A Whale Inside A Whale, That Was Eaten By A Shark, Discovered In Egypt

It's like a prehistoric turducken, but on a colossal scale: Scientists in Egypt have discovered the remains of a 40 million-year-old whale with another whale inside it, and researchers believe the two were then eaten by sharks.

The smaller whale found inside the fossils of the 60-foot-long basilosaurus may have been a fetus. However, basilosaurus had some pretty unusual dining habits. Like today's orcas, this fierce and ancient predator was known to eat other whales, so the whale inside might not have been a fetus so much as a meal. National Geographic reports that basilosaurus had such powerful jaws that it could crush the skull of any whale unlucky enough to get near its mouth.

The fossils were found at Wadi al-Hitan, a UNESCO World Heritage site also known as "Whale Valley" located in the desert to the southwest of Cairo.

Environment Minister Khaled Fahmy said the fossils include the smallest vertebras of the tail, making it the only complete basilosaurus skeleton in the world, per the Cairo Post.

The ministry released a series of images of the fossils on Facebook:

The latest discovery in Egypt shows that the 60-foot-long whale had eaten crabs and sawfish along with possibly that other whale, the Cairo Post reported. Since shark teeth where found around the whale, scientists believe it was eventually eaten by sharks, probably after it died.

Basilosaurus was thought to have been a marine reptile when first discovered by naturalist Richard Harlan in the 1830s, according to Drexel University. As a result, he gave it the name, which means "ruling lizard."

Only later did scientists realize it was a marine mammal; by then, basilosaurus was stuck with the name.

The fossilized remains of at least 10 whales have been found at Whale Valley since it was first discovered in 1902. UNESCO says Whale Valley contains the remains of the long-extinct suborder of whales known as Archaeoceti, which show the evolution of the whale from a land-based animal into an ocean-going mammal:

"This is the most important site in the world for the demonstration of this stage of evolution.

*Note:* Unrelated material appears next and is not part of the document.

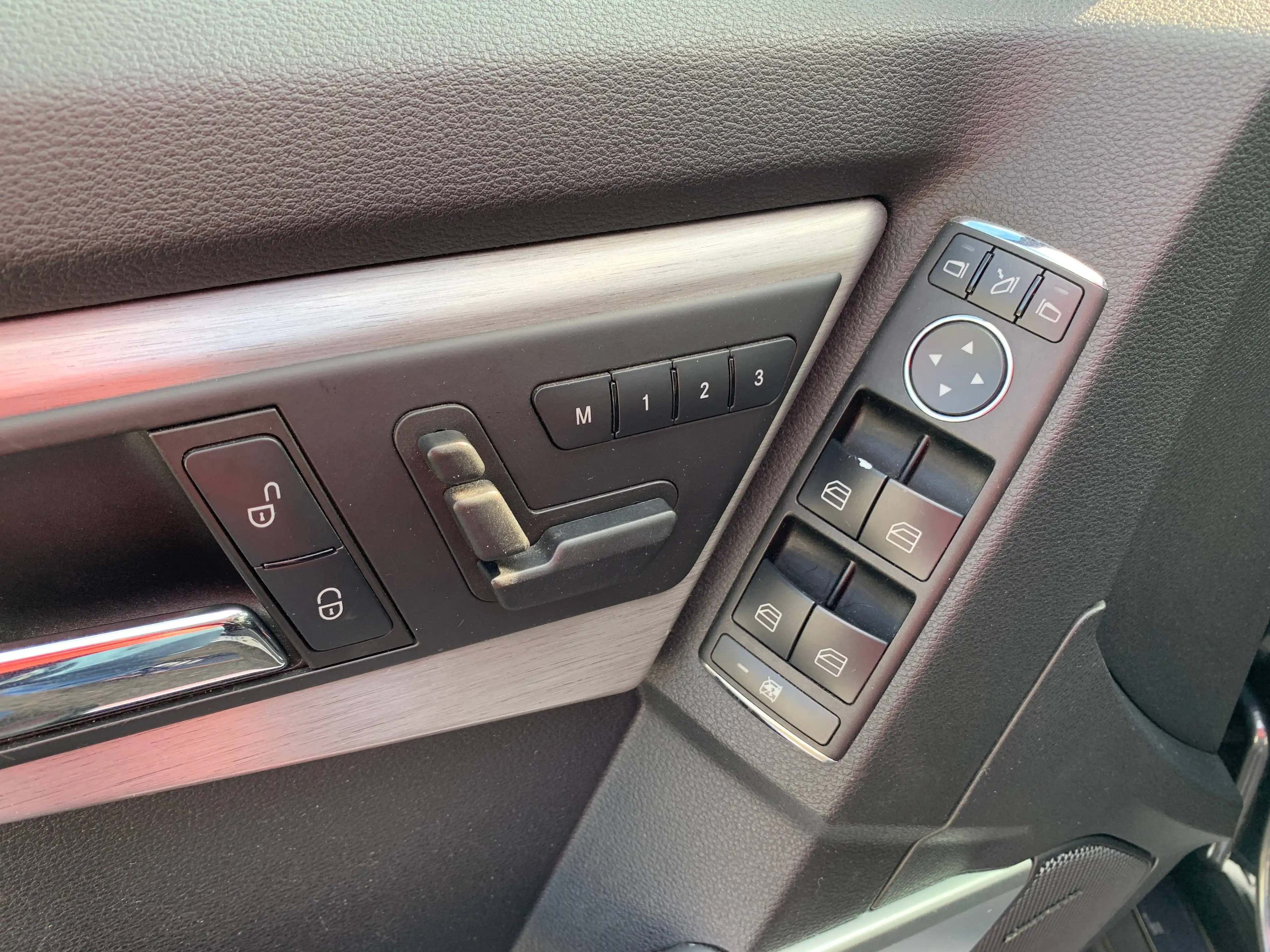 Mercedes-Benz GLK 350 GLK 350 V6  4Matic (4x4)-Leder-AHK-Automat-Panoramadach — photo 14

It portrays vividly the form and life of these whales during their transition. The number, concentration and quality of such fossils here is unique, as is their accessibility and setting in an attractive and protected landscape. The fossils of Al-Hitan show the youngest archaeocetes, in the last stages of losing their hind limbs. Other fossil material in the site makes it possible to reconstruct the surrounding environmental and ecological conditions of the time."